Background & Summary

Clonogenic assay or colony formation assay is an in vitro cell survival assay based on the ability of a single cell to grow into a colony; a colony is defined as having at least 50 cells1. The surviving fraction (SF) of cells as the function of absorbed dose can generally be described by the linear-quadratic (LQ) model2 (Eq. 1). In this model, the fraction of surviving cells decreases exponentially as the function of dose, and this exponential function consists of a linear and a quadratic term. As surviving fraction is normalized to the unirradiated control, it equals 100% at 0 Gy by definition:

$$SF={e}^{-\alpha D-\beta {D}^{2}},$$
(1)

where D is the absorbed dose (Gy) and α and β are the linear and quadratic parameters describing the radiosensitivity of the cells.

For certain cell lines, however, the surviving fraction at low doses significantly differs from the LQ model3. These cell lines exhibit hyper-radiosensitivity (HRS) at very low radiation doses (~0.1 Gy) which is not predicted by extrapolating the cell survival response from higher doses using the LQ model. As the dose increases above ~0.3 Gy, there is an increased radioresistance (IRR) to doses beyond ~1 Gy, where radioresistance is maximal, and cell survival starts to follow the LQ model. As HRS and IRR may have implications for cancer therapy, several biophysical models4,5,6,7,8 have been developed, aiming to provide a deeper understanding of the phenomena.

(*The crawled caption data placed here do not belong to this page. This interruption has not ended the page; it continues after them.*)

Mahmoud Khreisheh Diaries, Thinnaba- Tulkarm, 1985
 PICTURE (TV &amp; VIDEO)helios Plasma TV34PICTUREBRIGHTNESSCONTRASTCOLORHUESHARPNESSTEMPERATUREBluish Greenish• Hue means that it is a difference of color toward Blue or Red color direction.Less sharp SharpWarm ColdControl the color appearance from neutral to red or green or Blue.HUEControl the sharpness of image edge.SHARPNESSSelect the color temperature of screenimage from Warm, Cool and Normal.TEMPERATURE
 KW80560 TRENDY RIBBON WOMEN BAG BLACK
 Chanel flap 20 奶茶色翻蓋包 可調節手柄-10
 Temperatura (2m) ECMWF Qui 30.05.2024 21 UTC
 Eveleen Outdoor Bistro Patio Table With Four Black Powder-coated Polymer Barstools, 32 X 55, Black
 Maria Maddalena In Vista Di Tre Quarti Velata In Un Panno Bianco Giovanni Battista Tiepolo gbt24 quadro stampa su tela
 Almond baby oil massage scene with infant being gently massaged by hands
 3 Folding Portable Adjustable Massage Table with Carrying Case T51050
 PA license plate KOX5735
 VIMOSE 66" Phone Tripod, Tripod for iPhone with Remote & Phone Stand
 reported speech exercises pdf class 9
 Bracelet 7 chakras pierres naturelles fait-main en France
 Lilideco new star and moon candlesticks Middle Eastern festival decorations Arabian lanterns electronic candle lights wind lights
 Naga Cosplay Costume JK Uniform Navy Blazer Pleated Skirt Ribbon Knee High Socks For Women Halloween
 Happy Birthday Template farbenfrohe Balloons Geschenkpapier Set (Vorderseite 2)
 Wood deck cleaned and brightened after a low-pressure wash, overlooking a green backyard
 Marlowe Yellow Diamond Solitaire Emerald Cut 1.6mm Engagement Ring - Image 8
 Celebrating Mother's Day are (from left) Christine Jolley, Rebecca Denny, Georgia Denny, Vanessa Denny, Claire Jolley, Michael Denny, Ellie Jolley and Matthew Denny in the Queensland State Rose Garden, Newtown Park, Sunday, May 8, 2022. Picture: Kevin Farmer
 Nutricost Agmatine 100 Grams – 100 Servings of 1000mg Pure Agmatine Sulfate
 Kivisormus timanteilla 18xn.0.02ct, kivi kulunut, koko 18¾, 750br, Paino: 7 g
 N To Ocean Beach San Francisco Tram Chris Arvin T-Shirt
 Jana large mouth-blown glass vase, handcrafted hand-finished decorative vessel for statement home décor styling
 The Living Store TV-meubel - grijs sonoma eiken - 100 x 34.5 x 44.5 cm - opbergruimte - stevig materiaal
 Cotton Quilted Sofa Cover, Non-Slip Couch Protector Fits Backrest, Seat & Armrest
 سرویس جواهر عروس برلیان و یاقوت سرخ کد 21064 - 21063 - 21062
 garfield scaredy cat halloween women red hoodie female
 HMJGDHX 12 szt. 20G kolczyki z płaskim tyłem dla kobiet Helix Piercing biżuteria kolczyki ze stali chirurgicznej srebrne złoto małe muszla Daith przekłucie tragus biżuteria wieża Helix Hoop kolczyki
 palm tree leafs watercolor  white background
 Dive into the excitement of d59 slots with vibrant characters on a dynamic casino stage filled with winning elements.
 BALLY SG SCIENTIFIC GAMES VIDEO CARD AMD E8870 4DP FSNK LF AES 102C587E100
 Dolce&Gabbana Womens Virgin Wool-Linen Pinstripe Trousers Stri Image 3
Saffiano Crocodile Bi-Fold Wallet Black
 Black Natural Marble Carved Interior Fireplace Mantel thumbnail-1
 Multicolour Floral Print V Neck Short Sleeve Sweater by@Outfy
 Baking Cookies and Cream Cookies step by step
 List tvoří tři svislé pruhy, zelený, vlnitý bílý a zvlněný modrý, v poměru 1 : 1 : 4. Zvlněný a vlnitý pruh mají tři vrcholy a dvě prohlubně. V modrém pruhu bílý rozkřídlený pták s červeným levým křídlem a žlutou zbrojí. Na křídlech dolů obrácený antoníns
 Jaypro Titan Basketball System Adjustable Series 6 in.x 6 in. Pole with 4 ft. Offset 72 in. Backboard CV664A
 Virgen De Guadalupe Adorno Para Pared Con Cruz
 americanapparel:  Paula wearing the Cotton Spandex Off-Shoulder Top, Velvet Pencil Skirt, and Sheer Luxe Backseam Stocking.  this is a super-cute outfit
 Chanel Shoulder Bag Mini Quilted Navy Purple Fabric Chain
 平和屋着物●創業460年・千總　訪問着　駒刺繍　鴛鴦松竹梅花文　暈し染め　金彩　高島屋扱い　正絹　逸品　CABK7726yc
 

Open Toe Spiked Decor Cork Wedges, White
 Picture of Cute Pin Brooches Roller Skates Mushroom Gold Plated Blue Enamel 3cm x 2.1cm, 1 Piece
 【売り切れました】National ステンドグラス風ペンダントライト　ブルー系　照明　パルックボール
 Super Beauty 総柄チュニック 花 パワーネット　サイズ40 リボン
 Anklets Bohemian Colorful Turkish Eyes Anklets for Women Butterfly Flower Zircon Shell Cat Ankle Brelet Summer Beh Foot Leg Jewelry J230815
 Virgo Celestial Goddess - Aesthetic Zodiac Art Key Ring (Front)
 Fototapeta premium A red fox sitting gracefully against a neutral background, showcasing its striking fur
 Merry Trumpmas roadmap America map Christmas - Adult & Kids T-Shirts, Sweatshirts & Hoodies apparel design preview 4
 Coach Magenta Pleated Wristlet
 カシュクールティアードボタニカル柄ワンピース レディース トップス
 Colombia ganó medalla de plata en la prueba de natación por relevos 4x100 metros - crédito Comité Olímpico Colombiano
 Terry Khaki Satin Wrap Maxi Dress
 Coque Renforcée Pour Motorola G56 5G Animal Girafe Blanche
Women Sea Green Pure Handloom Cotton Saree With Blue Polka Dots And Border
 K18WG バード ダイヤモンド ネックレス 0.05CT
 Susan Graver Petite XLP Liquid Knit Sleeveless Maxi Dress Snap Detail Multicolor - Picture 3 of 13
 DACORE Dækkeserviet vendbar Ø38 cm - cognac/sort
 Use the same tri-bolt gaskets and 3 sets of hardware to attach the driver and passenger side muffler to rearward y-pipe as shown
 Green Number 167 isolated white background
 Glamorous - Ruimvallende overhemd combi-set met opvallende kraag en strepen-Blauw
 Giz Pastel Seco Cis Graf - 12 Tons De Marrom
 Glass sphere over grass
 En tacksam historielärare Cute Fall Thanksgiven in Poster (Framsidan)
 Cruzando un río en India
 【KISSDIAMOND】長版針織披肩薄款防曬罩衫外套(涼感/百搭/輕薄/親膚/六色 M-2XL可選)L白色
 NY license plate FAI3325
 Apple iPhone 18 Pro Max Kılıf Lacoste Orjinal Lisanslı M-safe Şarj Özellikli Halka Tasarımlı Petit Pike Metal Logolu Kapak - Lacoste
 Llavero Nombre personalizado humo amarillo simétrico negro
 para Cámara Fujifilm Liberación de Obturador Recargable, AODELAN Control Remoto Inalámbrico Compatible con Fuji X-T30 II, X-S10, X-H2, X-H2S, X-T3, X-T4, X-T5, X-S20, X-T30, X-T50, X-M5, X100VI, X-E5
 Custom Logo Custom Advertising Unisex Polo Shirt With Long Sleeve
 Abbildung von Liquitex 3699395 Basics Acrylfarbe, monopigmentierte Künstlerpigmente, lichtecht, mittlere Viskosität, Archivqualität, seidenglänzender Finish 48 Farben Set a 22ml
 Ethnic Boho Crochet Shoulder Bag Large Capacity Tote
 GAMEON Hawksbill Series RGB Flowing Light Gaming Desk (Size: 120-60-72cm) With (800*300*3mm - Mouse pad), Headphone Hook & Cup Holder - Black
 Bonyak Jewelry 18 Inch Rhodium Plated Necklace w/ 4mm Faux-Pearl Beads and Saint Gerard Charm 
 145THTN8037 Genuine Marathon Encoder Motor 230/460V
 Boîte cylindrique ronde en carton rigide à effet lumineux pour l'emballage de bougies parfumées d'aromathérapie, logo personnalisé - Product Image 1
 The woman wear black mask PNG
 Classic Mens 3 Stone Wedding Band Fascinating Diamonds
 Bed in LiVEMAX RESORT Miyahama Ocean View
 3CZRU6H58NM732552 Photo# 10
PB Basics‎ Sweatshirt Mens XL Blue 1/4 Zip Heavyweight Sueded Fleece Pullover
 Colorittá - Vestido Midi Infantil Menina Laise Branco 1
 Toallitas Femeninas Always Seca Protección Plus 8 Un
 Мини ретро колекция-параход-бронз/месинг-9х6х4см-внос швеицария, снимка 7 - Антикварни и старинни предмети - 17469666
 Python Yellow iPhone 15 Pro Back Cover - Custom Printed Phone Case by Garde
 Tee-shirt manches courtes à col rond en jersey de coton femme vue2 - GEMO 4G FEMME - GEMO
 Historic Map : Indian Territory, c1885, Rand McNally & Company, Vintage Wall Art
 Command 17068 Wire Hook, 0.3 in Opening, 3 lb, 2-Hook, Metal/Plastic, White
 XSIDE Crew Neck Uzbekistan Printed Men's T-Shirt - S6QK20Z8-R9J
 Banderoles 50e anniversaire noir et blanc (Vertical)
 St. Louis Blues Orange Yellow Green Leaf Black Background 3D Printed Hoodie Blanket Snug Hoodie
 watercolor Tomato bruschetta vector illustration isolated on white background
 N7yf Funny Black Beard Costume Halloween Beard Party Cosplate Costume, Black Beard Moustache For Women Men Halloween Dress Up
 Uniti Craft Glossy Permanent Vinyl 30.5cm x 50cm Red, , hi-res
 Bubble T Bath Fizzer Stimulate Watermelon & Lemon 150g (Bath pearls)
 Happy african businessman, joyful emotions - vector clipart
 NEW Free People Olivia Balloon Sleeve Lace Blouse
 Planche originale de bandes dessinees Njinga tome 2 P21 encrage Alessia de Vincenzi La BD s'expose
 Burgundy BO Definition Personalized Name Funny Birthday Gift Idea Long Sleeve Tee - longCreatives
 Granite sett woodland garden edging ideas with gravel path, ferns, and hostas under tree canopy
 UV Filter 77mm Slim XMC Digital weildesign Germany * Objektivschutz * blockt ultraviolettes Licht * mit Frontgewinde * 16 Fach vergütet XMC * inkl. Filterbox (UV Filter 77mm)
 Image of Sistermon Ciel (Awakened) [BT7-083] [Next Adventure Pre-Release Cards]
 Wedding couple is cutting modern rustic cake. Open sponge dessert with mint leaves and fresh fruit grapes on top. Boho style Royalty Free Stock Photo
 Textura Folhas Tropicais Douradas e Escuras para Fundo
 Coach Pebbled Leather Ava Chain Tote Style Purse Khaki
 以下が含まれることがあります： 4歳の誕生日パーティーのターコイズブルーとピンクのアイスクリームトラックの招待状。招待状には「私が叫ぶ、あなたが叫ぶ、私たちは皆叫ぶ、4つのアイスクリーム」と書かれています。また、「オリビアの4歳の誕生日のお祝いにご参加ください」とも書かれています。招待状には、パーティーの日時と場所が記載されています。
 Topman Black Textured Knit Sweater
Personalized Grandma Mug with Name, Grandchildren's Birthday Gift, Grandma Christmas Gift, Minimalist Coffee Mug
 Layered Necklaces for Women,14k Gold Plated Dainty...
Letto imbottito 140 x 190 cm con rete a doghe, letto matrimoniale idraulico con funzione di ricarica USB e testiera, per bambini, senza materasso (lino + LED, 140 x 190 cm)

The development and validation of such biophysical models requires raw experimental data, and cell survival data are a key resource in understanding the factors underlying the phenomena of biosensitivity to low dose radiation. Despite improvements in the requirement for authors to make raw data supporting publications publicly available, there is still a significant gap between expectation and delivery9,10,11. Moreover, it is also clear that relying on authors to provide data personally on request is not reliable, and accessibility decreases with time from the data of publication12. We have addressed this problem by extracting primary data from published graphics in papers, a strategy not so far attempted at scale, and provide that data in a public database together with a demonstration of the power of data integration and reanalysis, supporting key aims of FAIR data which include interoperability and reuse13. Reproducibility of published studies is of increasing concern14,15 and we demonstrate here how reproducibility can be assessed using data harvested from prior studies.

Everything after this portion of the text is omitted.